È in dirittura d’arrivo il decreto, sette articoli in tutto, sui licei quadriennali che dopo la firma, un paio di mesi fa, da parte dell’allora ministro dell’Istruzione Stefania Giannini va oggi all’esame del Cspi, il Consiglio superiore della pubblica istruzione che è l’organo tecnico-consultivo del Miur. Poi un altro passaggio presso la Corte dei conti e l’iter amministrativo sarà concluso. Dopo quest’ultimo passaggio fuori  dalle aule scolastiche con un diploma a 18 anni come già accade in Inghilterra, Francia, Spagna e negli istituti tecnici tedeschi. L’idea è di accorciare il percorso scolastico che in Italia dura 13 anni per consentire agli studenti di accedere all’università o di debuttare nel mondo del lavoro un anno prima.  Dal  settembre 2018 ci saranno 100 prime classi, con in media 25-30 alunni, di istituti superiori – licei, tecnici e professionali, statali e paritari – che, con il placet del Miur, potranno abbreviare di un anno il percorso di studi arrivando a 18 anni all’esame finale. Negli anni scorsi già erano stati avviati esperimenti in questo senso in una manciata di scuole. L’esame di Stato rimane lo stesso e identico sarà anche il diploma finale conseguito dagli alunni. In questo senso sarà necessario rimodulare il calendario scolastico ed eventualmente potenziare l’orario settimanale delle lezioni (da circa 900 ore annue per 5 anni si potrebbe passare a 1.000-1.050 ore per 4 anni nei licei). Le scuole interessate a partecipare alla sperimentazione dovranno rispondere a un bando nazionale e presentare un progetto, caratterizzato, è scritto nel decreto, da un elevato livello di innovazione didattica.

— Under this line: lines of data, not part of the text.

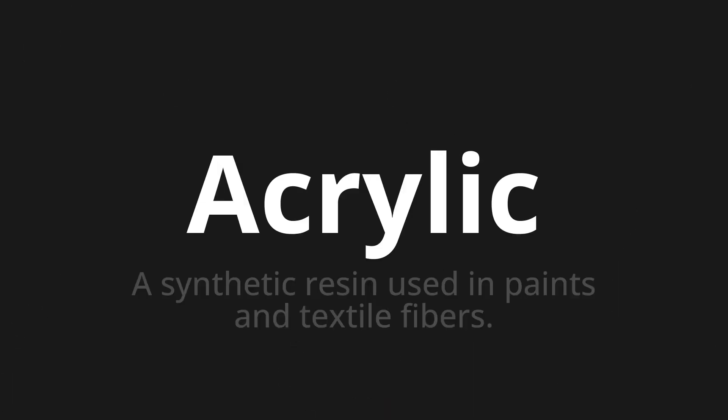Welcome to this pronunciation video. Today we will be focusing on a new word that you might find challenging or intriguing. So let's dive into today's word: acrylic, which means a synthetic resin used in paints and textile fibers.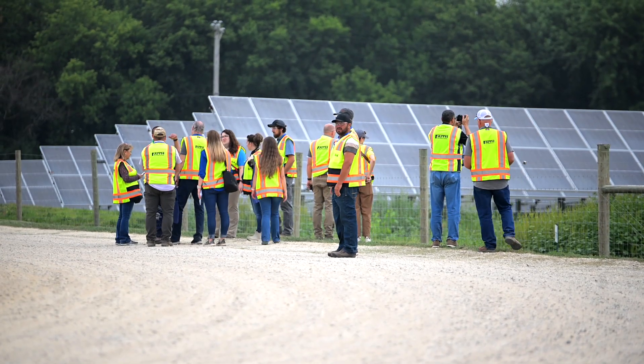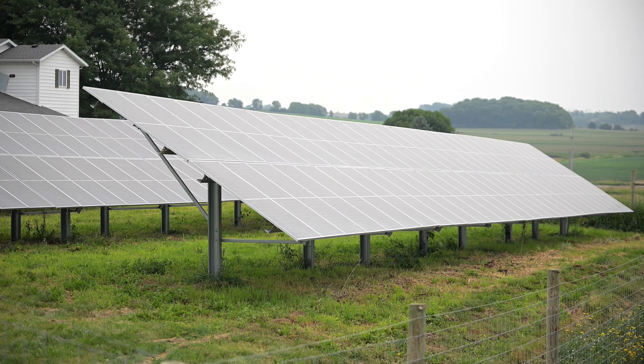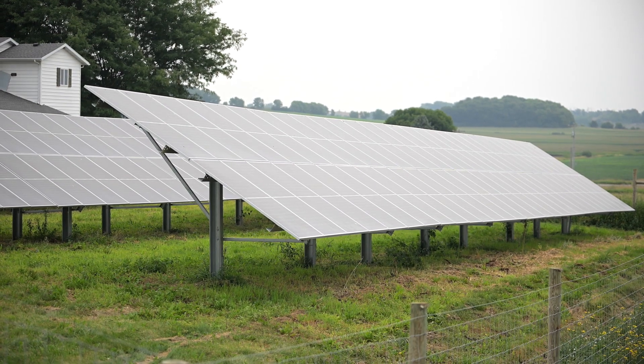The really special thing about this facility is all of the renewable energy. We've got just shy of three megawatts of solar here, as well as some battery energy storage. And we're equipped to do EV charging here as well for some of our trucking.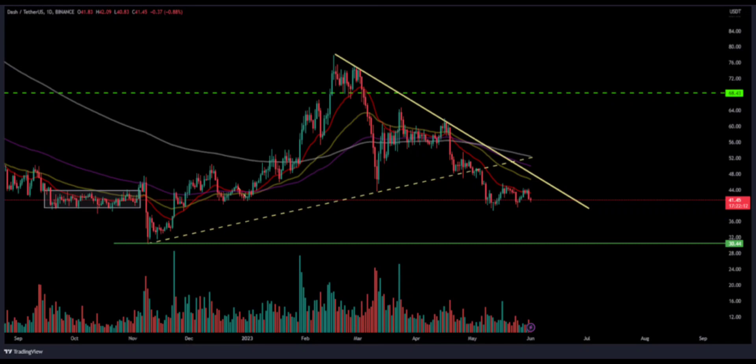Dash trades at $41.47 with an intraday drop of 3.77%, showing bearish indications. The Dash/BTC pair is at 0.00154 BTC, and the intraday trading volume increased by 11.70% to $41.61 million. The day high of Dash is $43.20 and the day low is $41.11. The market cap of Dash is $457.09 million.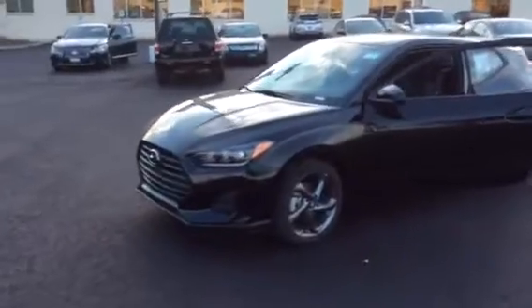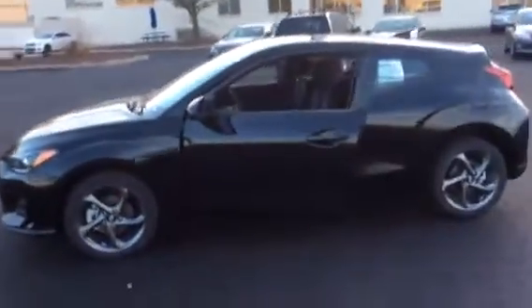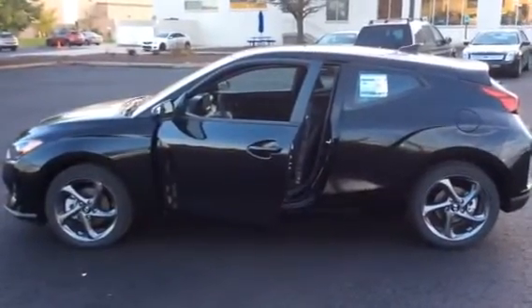Our 2019 Hyundai Veloster. This is Elliot from Boucher Hyundai of Waukesha. 262-522-1000.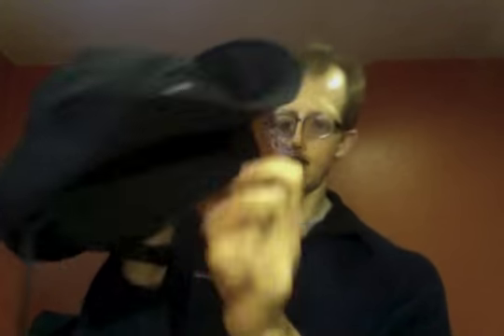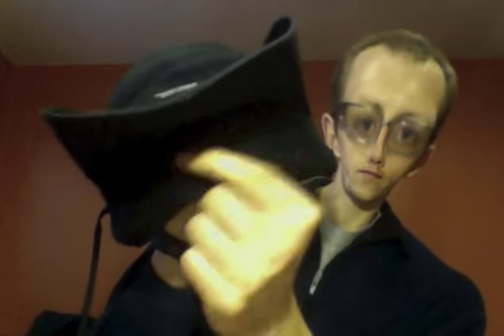It is Gore-Tex. It has a fleece collar that comes down in the back, so that if you were to put it on and it's extremely windy out, you can cover your ears up and keep them warm.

Ma non solo. Occorrerà garantire l’insegnamento di almeno una disciplina non linguistica con metodologia Clil – interamente in lingua straniera – a partire dal terzo anno, la valorizzazione delle attività laboratoriali e l’utilizzo di tecnologie didattiche innovative. Le proposte inviate al ministero verranno giudicate da una commissione di esperti mentre un comitato scientifico regionale, costituito presso ogni ufficio scolastico regionale, dovrà monitorare, anno dopo anno, lo svolgimento del corso quadriennale. Spetterà, infine, a un comitato scientifico nazionale, insediato al Miur, decidere se andare avanti con il progetto e proporre una modifica agli ordinamenti scolastici.